- [PROBLEM TO WORK ON]: In the lines below, look for "Case". Copy each line where it appears.

Crawled caption data:
= = =
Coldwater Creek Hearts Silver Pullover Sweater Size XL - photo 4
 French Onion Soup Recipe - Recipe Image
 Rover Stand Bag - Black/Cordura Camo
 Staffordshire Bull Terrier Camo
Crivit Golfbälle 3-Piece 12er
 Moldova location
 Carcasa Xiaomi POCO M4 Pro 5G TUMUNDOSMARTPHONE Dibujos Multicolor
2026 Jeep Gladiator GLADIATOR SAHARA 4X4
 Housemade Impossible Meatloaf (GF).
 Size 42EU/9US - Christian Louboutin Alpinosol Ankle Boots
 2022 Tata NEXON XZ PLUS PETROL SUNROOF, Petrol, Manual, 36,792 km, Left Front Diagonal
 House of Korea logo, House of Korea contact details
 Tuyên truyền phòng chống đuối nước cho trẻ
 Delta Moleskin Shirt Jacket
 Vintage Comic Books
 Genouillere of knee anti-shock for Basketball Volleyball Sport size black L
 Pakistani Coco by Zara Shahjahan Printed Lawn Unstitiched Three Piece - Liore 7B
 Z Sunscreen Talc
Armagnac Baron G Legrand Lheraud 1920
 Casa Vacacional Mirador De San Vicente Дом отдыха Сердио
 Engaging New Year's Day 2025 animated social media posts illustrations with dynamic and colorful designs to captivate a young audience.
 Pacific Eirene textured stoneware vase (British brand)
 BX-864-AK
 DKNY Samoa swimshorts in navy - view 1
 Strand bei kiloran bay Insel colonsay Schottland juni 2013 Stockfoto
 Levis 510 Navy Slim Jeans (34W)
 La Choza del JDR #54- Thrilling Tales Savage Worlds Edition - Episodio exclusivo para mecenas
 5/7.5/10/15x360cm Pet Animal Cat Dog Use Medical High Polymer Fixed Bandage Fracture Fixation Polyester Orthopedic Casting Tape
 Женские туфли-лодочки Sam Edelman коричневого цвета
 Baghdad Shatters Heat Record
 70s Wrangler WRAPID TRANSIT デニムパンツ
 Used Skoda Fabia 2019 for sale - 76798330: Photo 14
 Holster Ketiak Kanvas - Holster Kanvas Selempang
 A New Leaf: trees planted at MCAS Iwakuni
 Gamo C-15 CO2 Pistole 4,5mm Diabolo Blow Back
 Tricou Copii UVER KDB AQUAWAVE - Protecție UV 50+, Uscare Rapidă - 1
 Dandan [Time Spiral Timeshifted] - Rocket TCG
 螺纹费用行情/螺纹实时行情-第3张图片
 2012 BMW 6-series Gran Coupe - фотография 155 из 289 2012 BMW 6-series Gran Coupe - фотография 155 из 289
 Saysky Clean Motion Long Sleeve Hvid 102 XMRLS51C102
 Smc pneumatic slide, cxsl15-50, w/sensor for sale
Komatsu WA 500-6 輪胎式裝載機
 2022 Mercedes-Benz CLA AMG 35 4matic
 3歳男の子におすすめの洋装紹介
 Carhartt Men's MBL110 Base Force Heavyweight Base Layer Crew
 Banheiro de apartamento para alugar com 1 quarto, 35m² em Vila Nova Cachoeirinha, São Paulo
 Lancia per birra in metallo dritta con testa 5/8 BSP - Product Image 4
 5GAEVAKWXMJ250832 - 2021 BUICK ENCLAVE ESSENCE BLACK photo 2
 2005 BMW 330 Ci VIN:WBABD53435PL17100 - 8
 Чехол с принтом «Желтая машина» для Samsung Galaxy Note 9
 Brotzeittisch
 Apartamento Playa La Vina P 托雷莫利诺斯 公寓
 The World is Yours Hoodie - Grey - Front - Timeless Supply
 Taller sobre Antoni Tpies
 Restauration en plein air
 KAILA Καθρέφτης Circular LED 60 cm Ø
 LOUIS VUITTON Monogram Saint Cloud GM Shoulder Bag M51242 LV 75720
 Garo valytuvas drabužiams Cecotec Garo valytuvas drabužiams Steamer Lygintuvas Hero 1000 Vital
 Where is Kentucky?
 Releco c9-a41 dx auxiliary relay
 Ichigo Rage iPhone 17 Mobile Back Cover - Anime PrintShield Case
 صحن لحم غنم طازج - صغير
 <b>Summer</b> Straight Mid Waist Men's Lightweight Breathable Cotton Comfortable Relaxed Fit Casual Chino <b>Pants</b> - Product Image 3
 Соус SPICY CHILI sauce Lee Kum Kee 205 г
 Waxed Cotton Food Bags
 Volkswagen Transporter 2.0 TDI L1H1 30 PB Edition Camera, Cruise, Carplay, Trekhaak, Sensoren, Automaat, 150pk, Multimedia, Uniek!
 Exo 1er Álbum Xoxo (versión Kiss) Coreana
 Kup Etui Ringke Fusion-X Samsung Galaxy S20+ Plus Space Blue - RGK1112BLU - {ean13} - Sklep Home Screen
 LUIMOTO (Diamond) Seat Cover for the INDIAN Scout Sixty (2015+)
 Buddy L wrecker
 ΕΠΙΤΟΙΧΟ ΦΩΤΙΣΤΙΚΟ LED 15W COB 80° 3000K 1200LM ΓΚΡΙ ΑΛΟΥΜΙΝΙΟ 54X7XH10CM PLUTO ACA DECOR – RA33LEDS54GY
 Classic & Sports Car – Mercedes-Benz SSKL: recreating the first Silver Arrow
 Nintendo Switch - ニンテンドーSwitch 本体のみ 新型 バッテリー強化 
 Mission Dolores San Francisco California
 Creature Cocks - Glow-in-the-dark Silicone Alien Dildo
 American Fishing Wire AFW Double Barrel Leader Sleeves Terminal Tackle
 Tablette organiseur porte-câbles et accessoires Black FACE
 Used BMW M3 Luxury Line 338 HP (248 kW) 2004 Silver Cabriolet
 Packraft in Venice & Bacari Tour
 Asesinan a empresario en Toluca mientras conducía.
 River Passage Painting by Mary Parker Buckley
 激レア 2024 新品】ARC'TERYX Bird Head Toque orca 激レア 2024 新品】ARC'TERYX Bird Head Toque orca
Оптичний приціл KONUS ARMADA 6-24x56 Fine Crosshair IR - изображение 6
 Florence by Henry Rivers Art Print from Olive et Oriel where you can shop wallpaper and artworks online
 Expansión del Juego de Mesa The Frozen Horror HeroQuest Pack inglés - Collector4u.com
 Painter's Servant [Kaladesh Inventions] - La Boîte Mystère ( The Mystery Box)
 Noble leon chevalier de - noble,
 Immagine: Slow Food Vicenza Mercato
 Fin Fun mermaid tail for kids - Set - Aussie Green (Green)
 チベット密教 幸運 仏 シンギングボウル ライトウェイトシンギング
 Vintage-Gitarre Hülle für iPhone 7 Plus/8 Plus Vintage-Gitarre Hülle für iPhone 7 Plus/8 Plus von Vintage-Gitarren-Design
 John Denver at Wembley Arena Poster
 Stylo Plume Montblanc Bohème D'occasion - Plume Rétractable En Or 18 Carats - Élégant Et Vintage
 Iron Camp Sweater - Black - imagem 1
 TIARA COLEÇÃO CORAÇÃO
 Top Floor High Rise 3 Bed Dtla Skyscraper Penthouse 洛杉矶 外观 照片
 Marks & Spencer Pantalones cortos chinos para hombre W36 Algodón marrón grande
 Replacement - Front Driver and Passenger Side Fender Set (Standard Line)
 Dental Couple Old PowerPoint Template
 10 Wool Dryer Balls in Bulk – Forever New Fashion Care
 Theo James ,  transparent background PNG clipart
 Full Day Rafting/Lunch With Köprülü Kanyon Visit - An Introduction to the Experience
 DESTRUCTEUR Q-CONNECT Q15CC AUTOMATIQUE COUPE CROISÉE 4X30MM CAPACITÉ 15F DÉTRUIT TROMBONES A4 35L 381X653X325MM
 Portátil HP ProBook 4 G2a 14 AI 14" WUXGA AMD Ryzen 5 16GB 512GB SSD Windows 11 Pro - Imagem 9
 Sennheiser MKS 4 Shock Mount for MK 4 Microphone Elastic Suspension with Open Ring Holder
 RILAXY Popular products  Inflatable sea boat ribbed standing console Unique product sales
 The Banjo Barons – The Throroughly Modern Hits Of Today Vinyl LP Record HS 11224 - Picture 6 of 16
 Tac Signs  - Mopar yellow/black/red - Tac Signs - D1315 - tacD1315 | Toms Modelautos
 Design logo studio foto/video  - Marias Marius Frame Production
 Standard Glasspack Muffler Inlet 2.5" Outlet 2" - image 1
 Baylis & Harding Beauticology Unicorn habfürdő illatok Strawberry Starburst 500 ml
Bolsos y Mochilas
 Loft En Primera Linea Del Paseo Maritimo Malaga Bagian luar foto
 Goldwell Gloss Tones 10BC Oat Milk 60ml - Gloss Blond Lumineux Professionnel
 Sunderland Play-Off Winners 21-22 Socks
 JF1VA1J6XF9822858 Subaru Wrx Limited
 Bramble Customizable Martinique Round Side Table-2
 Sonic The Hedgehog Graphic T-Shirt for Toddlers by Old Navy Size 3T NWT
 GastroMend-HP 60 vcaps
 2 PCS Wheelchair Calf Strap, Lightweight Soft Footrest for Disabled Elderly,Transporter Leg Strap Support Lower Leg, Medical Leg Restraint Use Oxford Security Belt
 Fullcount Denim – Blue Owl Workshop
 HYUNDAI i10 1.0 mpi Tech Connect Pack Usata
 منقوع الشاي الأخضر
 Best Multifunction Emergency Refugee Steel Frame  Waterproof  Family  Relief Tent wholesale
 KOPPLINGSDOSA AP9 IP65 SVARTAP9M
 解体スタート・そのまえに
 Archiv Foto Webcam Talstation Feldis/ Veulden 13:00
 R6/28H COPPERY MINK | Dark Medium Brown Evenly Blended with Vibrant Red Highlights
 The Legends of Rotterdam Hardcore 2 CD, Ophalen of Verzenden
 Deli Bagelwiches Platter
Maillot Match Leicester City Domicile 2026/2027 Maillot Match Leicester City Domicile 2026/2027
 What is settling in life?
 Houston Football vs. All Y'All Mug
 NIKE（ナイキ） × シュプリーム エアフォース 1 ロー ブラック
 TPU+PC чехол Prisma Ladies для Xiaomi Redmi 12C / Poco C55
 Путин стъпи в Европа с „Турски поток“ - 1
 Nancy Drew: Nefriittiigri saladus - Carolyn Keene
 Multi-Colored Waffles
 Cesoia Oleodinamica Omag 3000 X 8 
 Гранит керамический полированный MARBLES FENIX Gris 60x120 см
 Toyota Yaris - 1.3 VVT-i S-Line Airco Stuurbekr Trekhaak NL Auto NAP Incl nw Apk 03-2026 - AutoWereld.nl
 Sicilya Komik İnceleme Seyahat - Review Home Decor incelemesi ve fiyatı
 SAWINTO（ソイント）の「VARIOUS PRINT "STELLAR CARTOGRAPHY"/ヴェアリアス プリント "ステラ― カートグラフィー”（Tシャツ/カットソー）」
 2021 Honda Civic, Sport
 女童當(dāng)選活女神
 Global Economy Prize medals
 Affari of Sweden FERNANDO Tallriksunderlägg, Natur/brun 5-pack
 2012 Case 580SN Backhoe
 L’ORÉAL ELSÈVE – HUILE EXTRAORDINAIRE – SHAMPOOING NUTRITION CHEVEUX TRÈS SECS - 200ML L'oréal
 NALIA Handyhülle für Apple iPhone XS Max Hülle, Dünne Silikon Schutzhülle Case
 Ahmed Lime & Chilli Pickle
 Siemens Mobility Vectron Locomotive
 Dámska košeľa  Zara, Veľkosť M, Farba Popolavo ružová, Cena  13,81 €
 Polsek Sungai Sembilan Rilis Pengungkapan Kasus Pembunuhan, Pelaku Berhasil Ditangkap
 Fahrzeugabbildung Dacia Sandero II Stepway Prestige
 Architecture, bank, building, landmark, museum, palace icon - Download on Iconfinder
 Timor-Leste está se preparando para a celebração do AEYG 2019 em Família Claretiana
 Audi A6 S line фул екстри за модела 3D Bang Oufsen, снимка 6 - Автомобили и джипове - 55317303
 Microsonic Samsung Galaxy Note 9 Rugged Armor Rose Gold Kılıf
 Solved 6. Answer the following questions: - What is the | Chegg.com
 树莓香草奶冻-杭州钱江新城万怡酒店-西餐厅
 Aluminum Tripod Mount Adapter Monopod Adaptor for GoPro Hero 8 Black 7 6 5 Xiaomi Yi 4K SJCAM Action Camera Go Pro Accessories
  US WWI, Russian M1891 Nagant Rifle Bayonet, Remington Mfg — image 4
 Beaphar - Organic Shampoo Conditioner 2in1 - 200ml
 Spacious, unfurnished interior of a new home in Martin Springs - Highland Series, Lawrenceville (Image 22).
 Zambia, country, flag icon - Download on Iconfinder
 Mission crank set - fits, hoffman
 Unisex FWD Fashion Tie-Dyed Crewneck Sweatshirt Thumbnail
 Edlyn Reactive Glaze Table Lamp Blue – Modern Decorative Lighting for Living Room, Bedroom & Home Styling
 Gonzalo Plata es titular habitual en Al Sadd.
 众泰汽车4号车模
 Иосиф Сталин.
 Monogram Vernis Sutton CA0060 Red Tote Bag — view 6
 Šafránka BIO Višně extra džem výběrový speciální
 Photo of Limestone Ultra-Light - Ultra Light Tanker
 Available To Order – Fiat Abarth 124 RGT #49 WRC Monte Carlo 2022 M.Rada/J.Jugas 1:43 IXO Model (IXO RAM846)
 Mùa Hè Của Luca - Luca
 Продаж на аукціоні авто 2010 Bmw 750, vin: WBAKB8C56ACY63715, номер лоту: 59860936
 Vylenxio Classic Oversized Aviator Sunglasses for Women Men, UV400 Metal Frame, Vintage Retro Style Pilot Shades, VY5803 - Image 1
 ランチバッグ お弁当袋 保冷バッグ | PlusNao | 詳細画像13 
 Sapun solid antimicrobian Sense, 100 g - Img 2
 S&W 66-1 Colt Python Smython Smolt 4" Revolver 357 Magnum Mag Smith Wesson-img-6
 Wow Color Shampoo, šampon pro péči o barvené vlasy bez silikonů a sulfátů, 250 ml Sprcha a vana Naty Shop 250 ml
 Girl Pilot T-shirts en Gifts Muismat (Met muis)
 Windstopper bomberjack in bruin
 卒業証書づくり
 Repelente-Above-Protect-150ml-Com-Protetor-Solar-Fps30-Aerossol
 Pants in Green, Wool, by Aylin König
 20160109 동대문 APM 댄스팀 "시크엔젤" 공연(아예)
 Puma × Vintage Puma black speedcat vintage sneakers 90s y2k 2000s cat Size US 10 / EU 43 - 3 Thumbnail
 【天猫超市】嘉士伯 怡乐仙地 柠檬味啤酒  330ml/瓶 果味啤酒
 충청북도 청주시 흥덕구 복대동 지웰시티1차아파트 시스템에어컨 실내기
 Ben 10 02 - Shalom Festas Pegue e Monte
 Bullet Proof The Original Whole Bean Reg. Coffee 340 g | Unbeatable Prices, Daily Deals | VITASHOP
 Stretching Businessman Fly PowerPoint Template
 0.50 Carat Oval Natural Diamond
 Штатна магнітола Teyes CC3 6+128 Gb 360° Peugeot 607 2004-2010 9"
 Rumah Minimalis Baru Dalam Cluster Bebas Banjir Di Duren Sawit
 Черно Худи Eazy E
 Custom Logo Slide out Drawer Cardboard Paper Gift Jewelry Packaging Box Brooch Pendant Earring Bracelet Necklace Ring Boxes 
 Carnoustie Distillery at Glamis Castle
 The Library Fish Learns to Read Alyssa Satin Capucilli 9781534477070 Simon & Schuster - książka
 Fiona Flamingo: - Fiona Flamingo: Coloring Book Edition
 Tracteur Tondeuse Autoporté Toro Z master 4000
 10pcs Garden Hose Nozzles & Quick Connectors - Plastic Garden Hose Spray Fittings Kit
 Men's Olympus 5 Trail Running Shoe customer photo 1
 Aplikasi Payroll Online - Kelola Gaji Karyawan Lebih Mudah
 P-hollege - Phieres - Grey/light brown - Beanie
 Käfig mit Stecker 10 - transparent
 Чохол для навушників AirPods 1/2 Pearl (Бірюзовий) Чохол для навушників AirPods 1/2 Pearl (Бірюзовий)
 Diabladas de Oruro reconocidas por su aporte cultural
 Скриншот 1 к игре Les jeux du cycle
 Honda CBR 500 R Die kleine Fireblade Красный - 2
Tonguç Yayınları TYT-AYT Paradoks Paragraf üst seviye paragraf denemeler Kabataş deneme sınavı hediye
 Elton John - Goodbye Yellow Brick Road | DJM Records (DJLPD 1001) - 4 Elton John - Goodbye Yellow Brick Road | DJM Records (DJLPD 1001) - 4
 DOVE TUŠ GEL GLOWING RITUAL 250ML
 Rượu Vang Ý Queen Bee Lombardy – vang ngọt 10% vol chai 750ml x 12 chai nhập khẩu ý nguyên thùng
= = =
- [RESPONSE]:
 Ichigo Rage iPhone 17 Mobile Back Cover - Anime PrintShield Case
 2012 Case 580SN Backhoe
 NALIA Handyhülle für Apple iPhone XS Max Hülle, Dünne Silikon Schutzhülle Case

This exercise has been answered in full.